# Unlearning Definition

When fulfilling a removal request, the computer system needs
to remove all user’s data and ‘forget’ any influence on the models
that were trained on those data.

| Important Notations | Definition |
| :--: | :--: |
| $\mathcal{Z}$ | example space |
| $D$ | the training dataset |
| $D_f$  | forget set |
| $D_r = D \setminus D_f$  | retain set |
| $A(.)$ | a learning algorithm |
| $U(.)$ | an unlearning algorithm |
| $\mathcal{H}$ | hypothesis space of models |
| $w = A(D)$ | Parameters of the model trained on $D$ by $A$ |
| $w_r = A(D_r)$ | Parameters of the model trained on $D_r$ by $A$ |
| $w_u = U(.)$ | Parameters of the model unlearned by $U(.)$ |

To properly formulate an unlearning problem, we need to introduce a few concepts. First, let us denote $\mathcal{Z}$ as an example space, i.e., a space of data items or examples (called samples). Then, the set of all possible training datasets is denoted as $\mathcal{Z}^*$. One can argue that $\mathcal{Z}^* = 2^{\mathcal{Z}}$ but that is not important, as a particular training dataset $D \in Z^*$ is often given as input. Given $D$, we want to get a machine learning model from a hypothesis space $\mathcal{H}$. In general, the hypothesis space $\mathcal{H}$ covers the parameters and the meta-data of the models. Sometimes, it is modeled as $\mathcal{W} \times \Theta$, where $\mathcal{W}$ is the parameter space and $\Theta$ is the metadata/state space. The process of training a model on $D$ in the given computer system is enabled by a learning algorithm, denoted by a function $A: \mathcal{Z}^* \rightarrow \mathcal{H}$, with the trained model denoted as $A(D)$.
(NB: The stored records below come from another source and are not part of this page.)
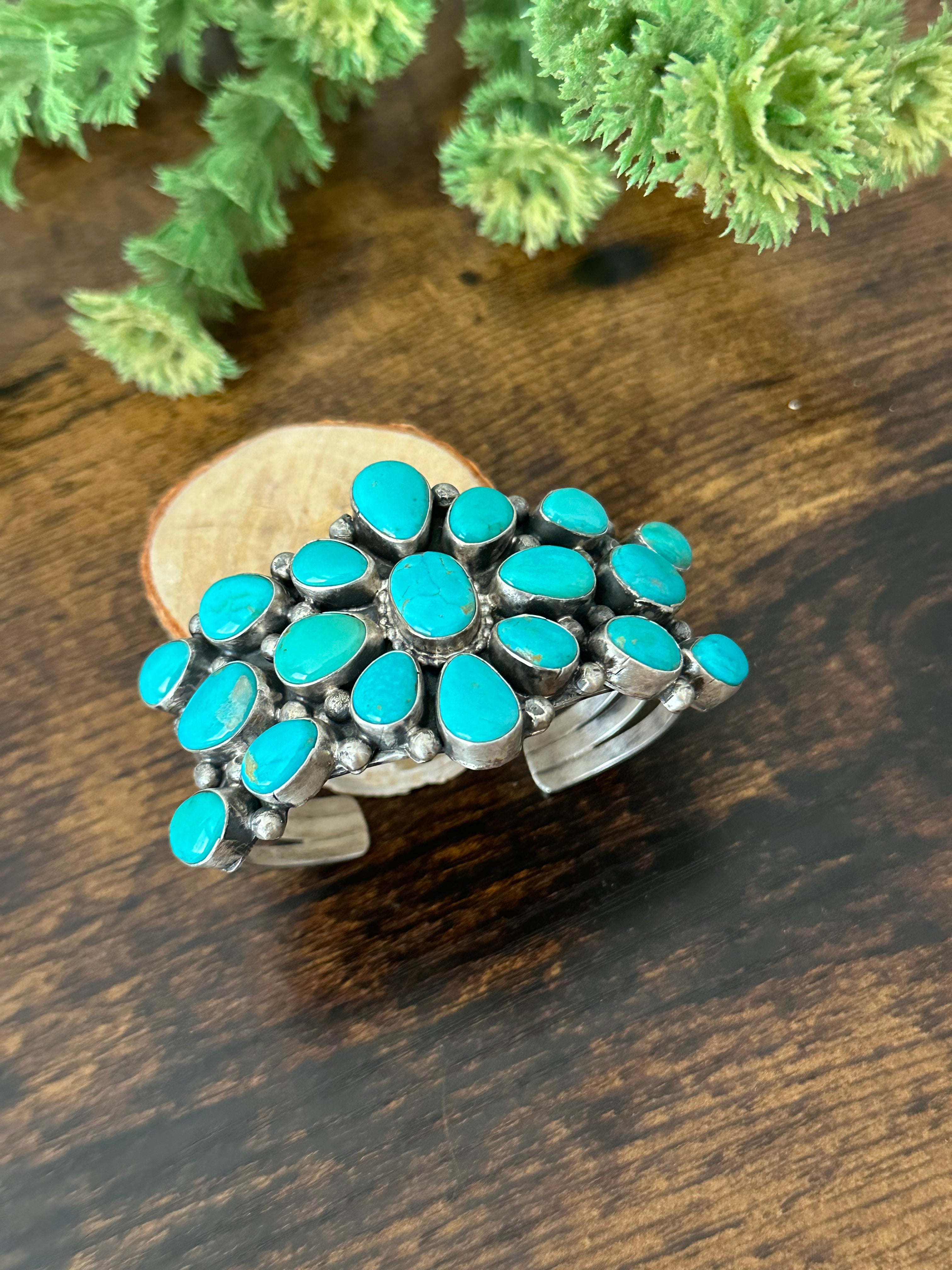 Bobby Johnson Kingman Turquoise & Sterling Silver Cluster Cuff Bracelet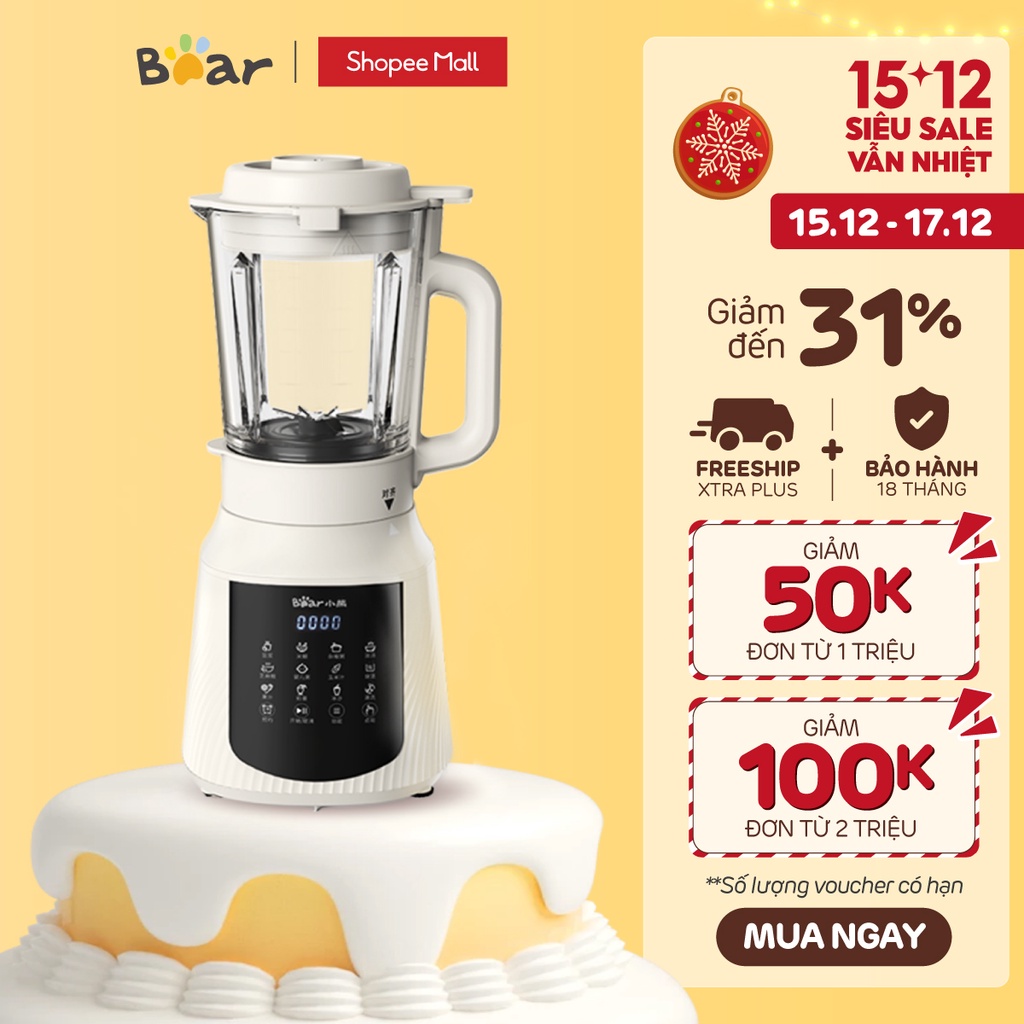 Máy làm sữa hạt đa năng 1.5L Bear PBJ-C16Q8 - Hàng Chính Hãng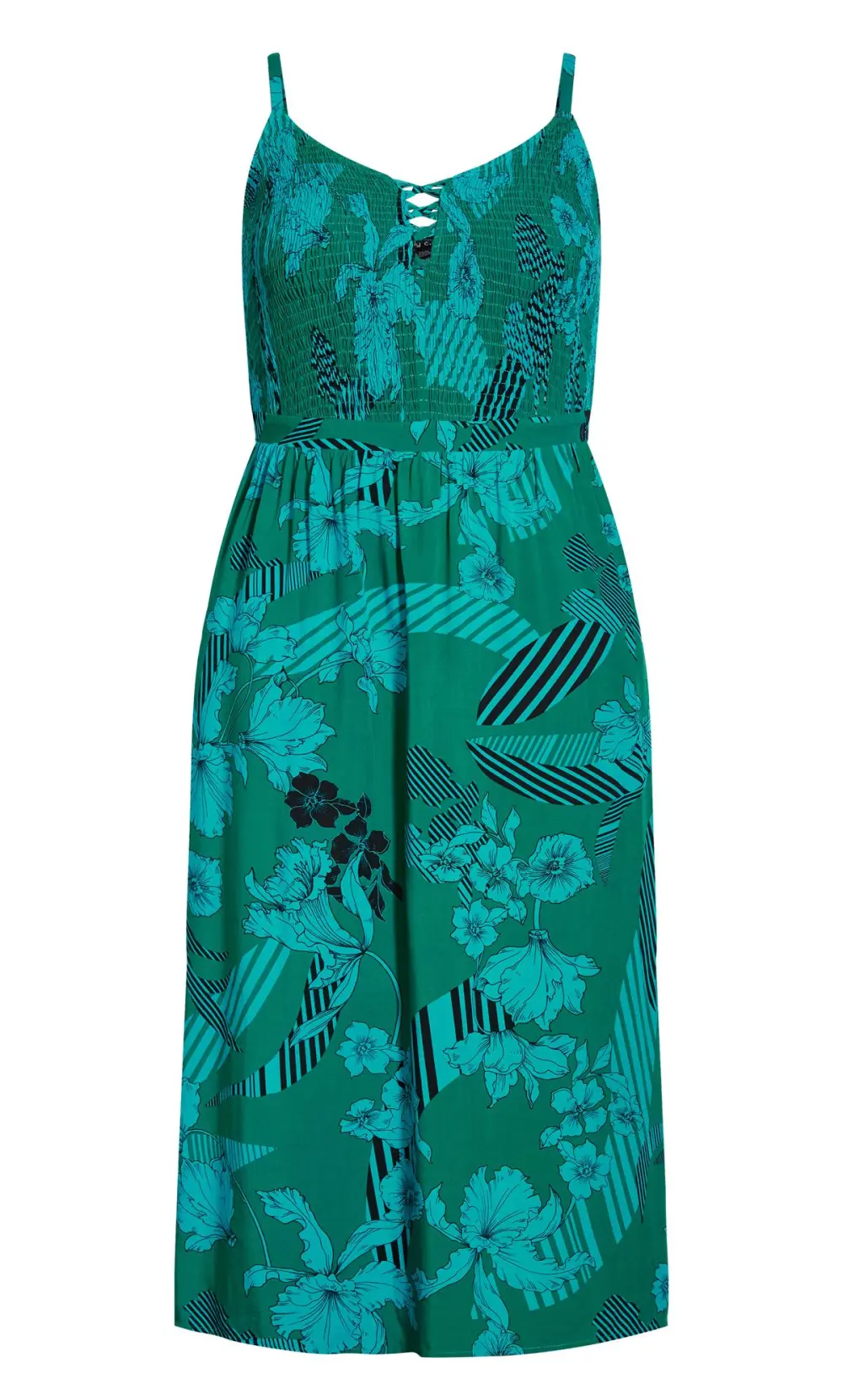 Evans Green & Blue Floral Print Shirred Maxi Dress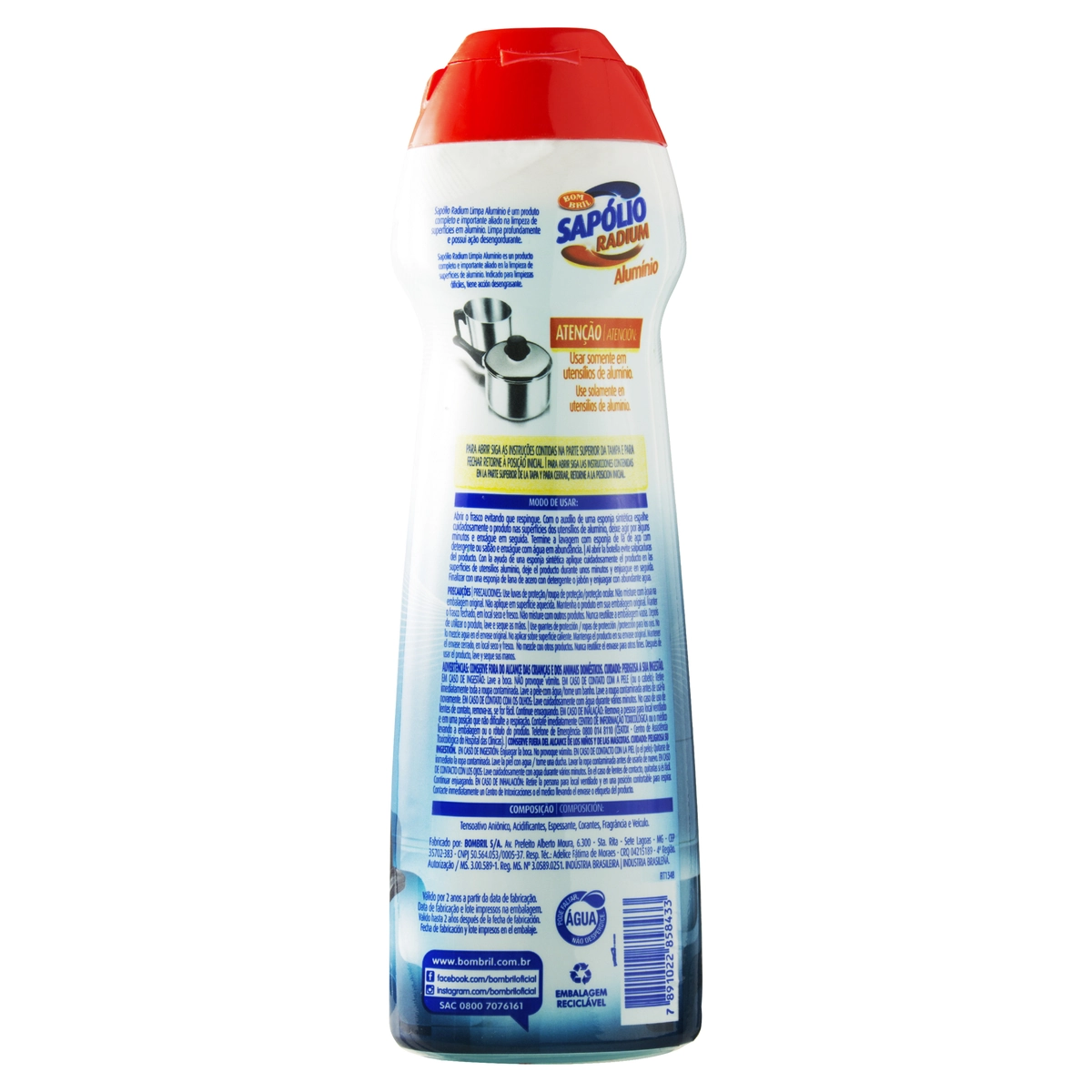 Saponáceo Cremoso Limpa Alumínio Sapólio Radium Squeeze 300ml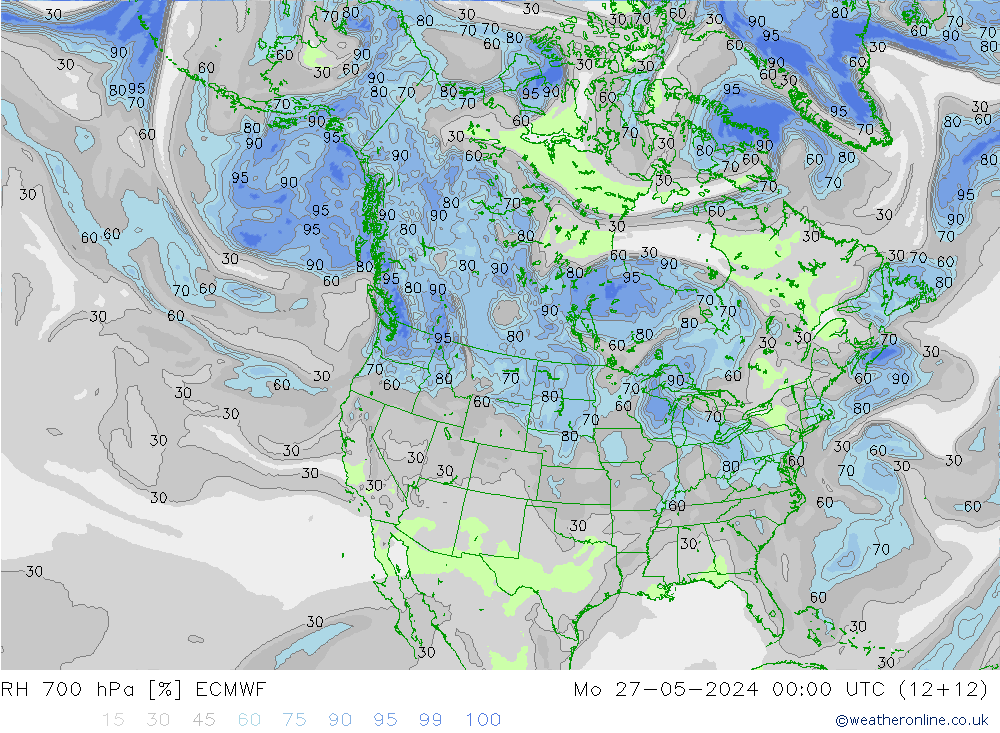 Humedad rel. 700hPa ECMWF lun 27.05.2024 00 UTC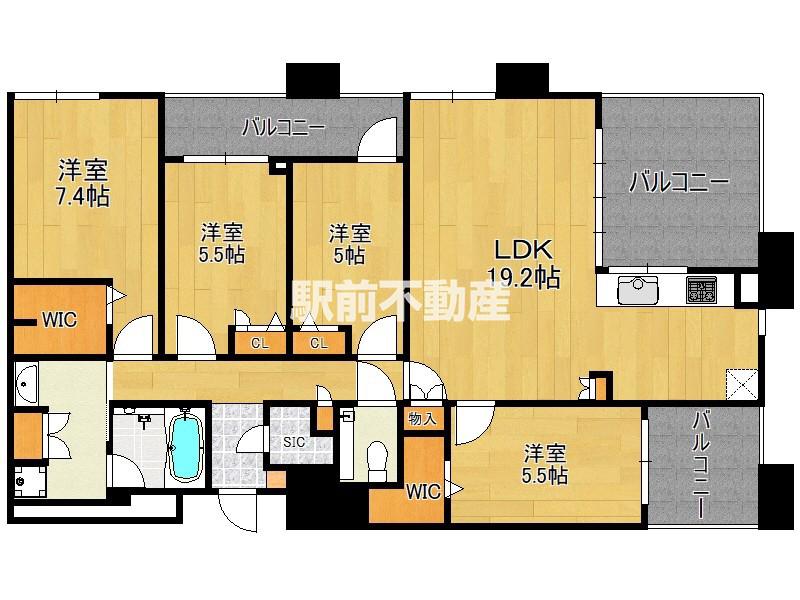アイランドシティオーシャン&フォレストタ(4LDK/3階)の間取り写真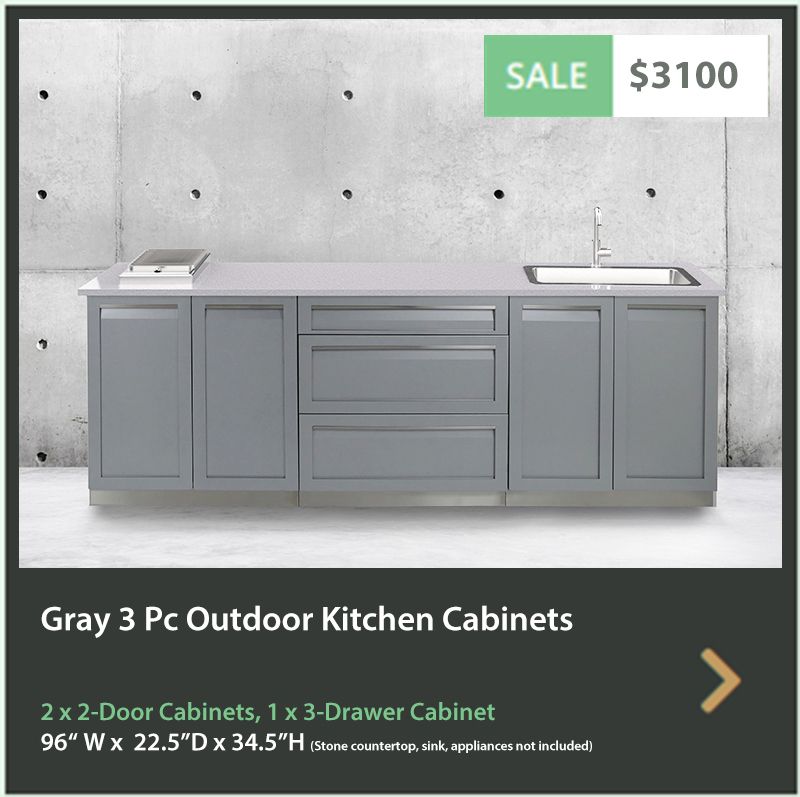 Gray 3 Pc Outdoor Kitchen Cabinets 2 X 2 Door Cabinet, 3 Inside 3 Drawer And 2 Door Cabinet With Metal Legs (View 3 of 15)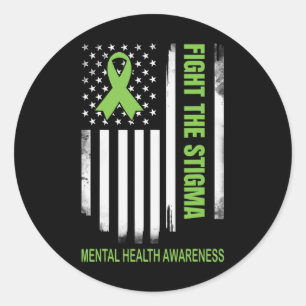 Fight The Stigma For Mental Health Awareness  Classic Round Sticker
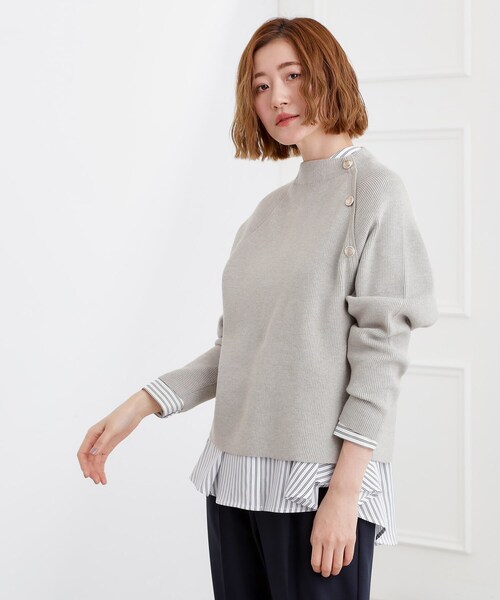 grove（グローブ） ニット セーター ラグランスリーブ肩釦ニット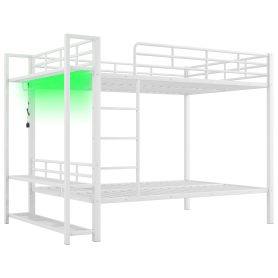 Full Size Metal Bunk Bed With Storage Mesh Shelves, Clothes Hooks And LED Light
To support forgetting requests, the computer system needs to have an unlearning mechanism, denoted by a function $U$, that takes as input a training dataset $D \in Z^*$, a forget set $D_f \subset D$ (data to forget) and a model $A(D)$. It returns a sanitized (or unlearned) model $U(D, D_f, A(D)) \in \mathcal{H}$.
The unlearned model is expected to be the same or similar to a retrained model $A(D \setminus D_f)$ (i.e., a model as if it had been trained on the remaining data). Note that $A$ and $U$ are assumed to be randomized algorithms, i.e., the output is non-deterministic and can be modelled as a conditional probability distribution over the hypothesis space given the input data. This assumption is reasonable as many learning algorithms are inherently stochastic (e.g., SGD) and some floating-point operations involve randomness in computer implementations.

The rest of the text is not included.